Power violence. I know a lot of you out there might be turned off by the term–sounds creepy and dangerous, right? But if you like seeing the sounds of metal, hardcore, punk, and even random offshoots like free jazz and experimental noise all pushed to their absolute limit at the same time by the same bands, then chances are you already know that power violence is the genre for you. Originally innovated by bands like Infest and Crossed Out, power violence incorporates the ridiculous speeds of grindcore, the brutal slowness of the sludgiest doom metal, and the freakout craziness of noise into a harsh conglomeration of atonal madness. If you need danceability and sweet melodic hooks from your music, well, I get that, but this may not be the night for you. However, if you can appreciate people pushing the limit of just how fast, heavy, and hectic music can get, you need to order your ticket now.
Iron Lung may not have been there at power violence’s dawn in the early 90s, but they’ve been the leaders of the genre for quite a while now, at least since the release of their 2004 debut, Life. Iron Lung. Death. This bassless two-piece tosses out killer riffs at hyperspeed, blending them with crushing breakdowns and tortured screams, along with a heaping helping of flat-out noise. The combination was refined to perfection on their third album, White Glove Test, but the four years since its release have seen almost no releases of new material–other than a lathe-cut limited edition EP earlier this year, which was limited to 100 and sold only at shows. Hopefully they’ll bring us a real new album soon, but until then, you’ll have to settle for getting your head knocked off at this show.

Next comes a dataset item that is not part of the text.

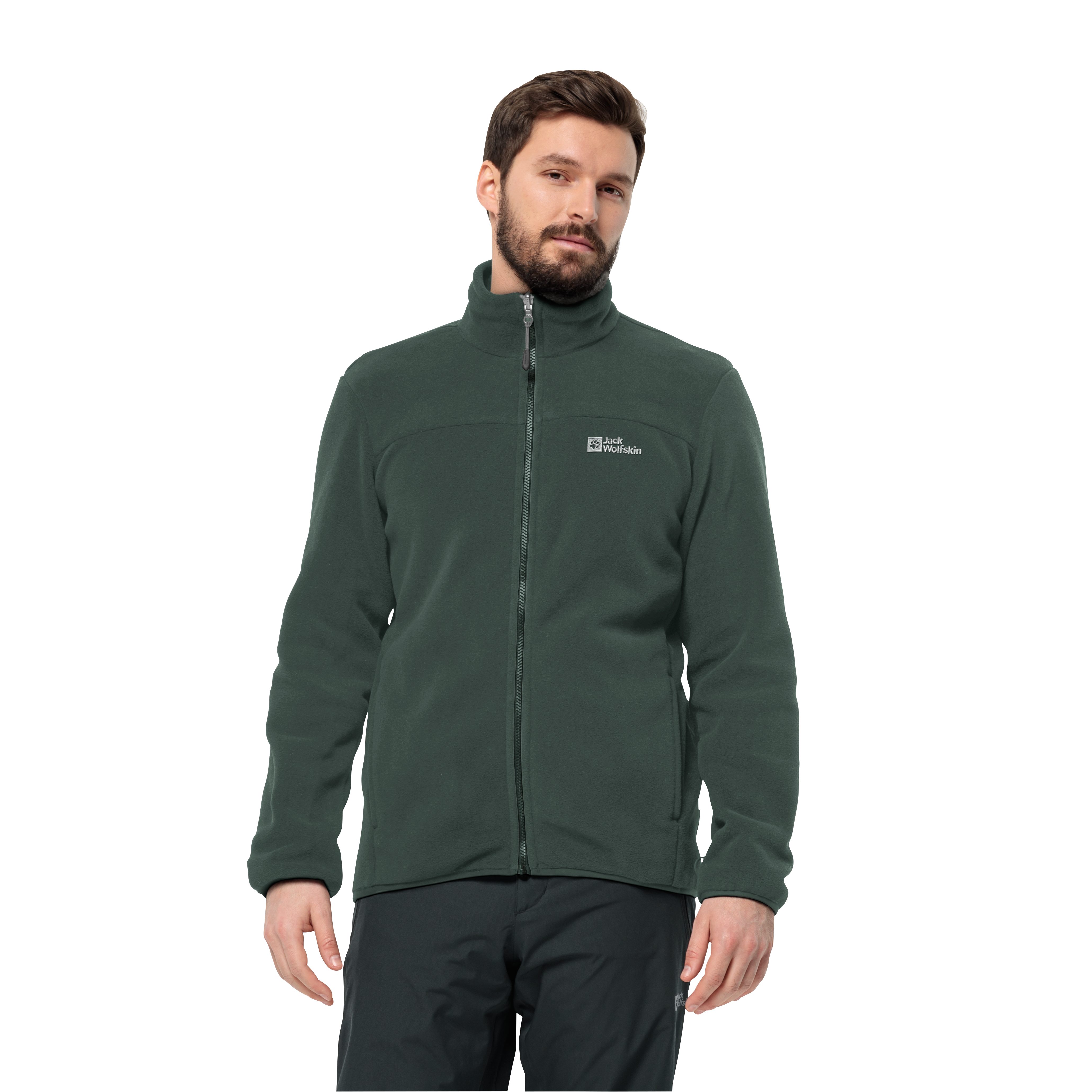 Jack Wolfskin Functioneel 3-in-1-jack TAUBENBERG 3IN1 JKT M met waterafstotende ritsen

Bastard Noise actually were there at the early 90s dawn of power violence–indeed, leader Eric Wood coined the term. Originally known as Man Is The Bastard, the group had some lineup changes and moved in a more noise-weirdness direction after Y2K, at which time they adopted the Bastard Noise moniker. However, recent years have seen their original drummer rejoin the group, and things move back towards the sort of jazz-grind-sludge the band excelled at in its early years, so this show may more closely resemble Man Is The Bastard’s 1996 performance at the same venue than one might initially expect. This lineup is jam packed with additional entertainment, from legendary RVA power violence duo Suppression–who date back almost as long as Bastard Noise in their own right–to Canadian bass-drum sludge combo Intensive Care, who feature former members of mid-2000s power violence torchbearers Endless Blockade. Local queercore/blackened screamo upstarts Listless kick things off with righteous fury, so show up on time and be ready for some serious ear damage.